Thank you very much. 

I am going to row this Dorie down the Upper Gauley this fall. I think it will be the first time a Dorie has been down the Gauley.


----------



## WalshJuice (Sep 10, 2005)

Dory. Better spell it right if you are going to spend that much time building one. Looks great so far.


----------



## caverdan (Aug 27, 2004)

curtis catman said:


> View attachment 12220
> week one of my Dorie build


Wow....you built that in a week? Very impressive. Is it a kit, or are you working off a set of plans?


----------



## mattman (Jan 30, 2015)

WalshJuice said:


> Dory. Better spell it right if you are going to spend that much time building one. Looks great so far.


"No respect for a man that can only spell a word one way"
Often attributed to Mark Twain, but possibly came from someone else. 
Quote investigator

"Simplified spelling is alright, but, like chastity, you can carry it to far."
Simplified spelling speech,December 9 1907

"I don't see any use in having a uniform and arbitrary way of spelling. We might as well make all clothes alike and cook all food alike."
Speach at a spelling match, Hartford Coneticut, May 12, 1875

Last two are from Mark Twain, Mark Twain quotations

" A man who builds a boat should be able to call it any damn thing he pleases." Mattman


----------



## ncordial12 (Mar 20, 2014)

whos plans are you using? do you have any other photos of the build?


----------



## curtis catman (Sep 29, 2015)

WalshJuice said:


> Dory. Better spell it right if you are going to spend that much time building one. Looks great so far.


Thank you
Sir you are correct about the spelling.


----------



## curtis catman (Sep 29, 2015)

I bought a book by Roger Fletcher called Drift Boats & River Dories. It has ten sets of drawings in it of ten diferent style drift boats and dories. They are not a set of detailed plans but I used to be a carpenter and My best Friend is a better carpenter than I am. We both took a weeks vacation and worked on it 10 Hours a day for 5 days. First day built the frames and layed out the sides. It has half inch sides and 3 quarter bottom. We cheated and built two sets of sides out of quarter because we knew we could not bend half. 

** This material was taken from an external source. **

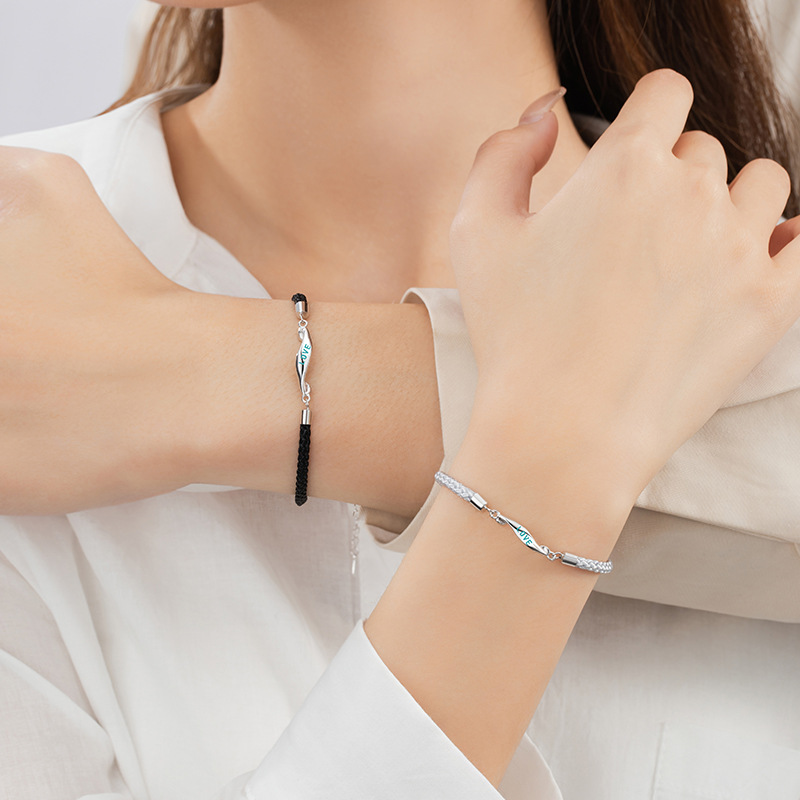 ブレスレットペア 愛の輝き 編み込みペアブレスレット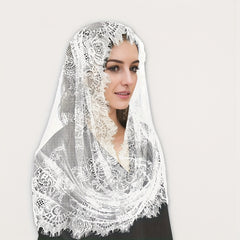 Bridal Lace Head Veil Shawl Floral Vintage Court Style Lightweight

It is the third design of Woodie Hindman. The 16 foot Double Ender with a Transom. So it is actually a Mckenzie River drift boat but when I get done Decking it it will be a dory. I am having a little trouble getting it to self bail any advice on this subject would be apprecciated.


----------



## curtis catman (Sep 29, 2015)

Oh yeah, This idea popped into my head to build this thing for Gauley season one week and did it the next. If I wrap it around a huge bolder and have to river board out with a piece of it I will not be out a fortune. We typically tend to over build things so I do not believe that will be the case but You never know. For any one out there thinking about starting one of these it can be done. I believe if you have a friend that will help you it will go a lot easier. Getting the shape of the boat is not that hard. The rocker forms its self as you bend the sides in. Put the middle frame in and start working your way toward the bow. Then put the back frames in. There is a youtube video of three guys putting the sides on and all the frames in in just over one hour. All the hard work is finishing the inside which I have not done yet. We just build two water tight or should I say resistant compartments in the bow and stern. Any way thanks for the compliments. 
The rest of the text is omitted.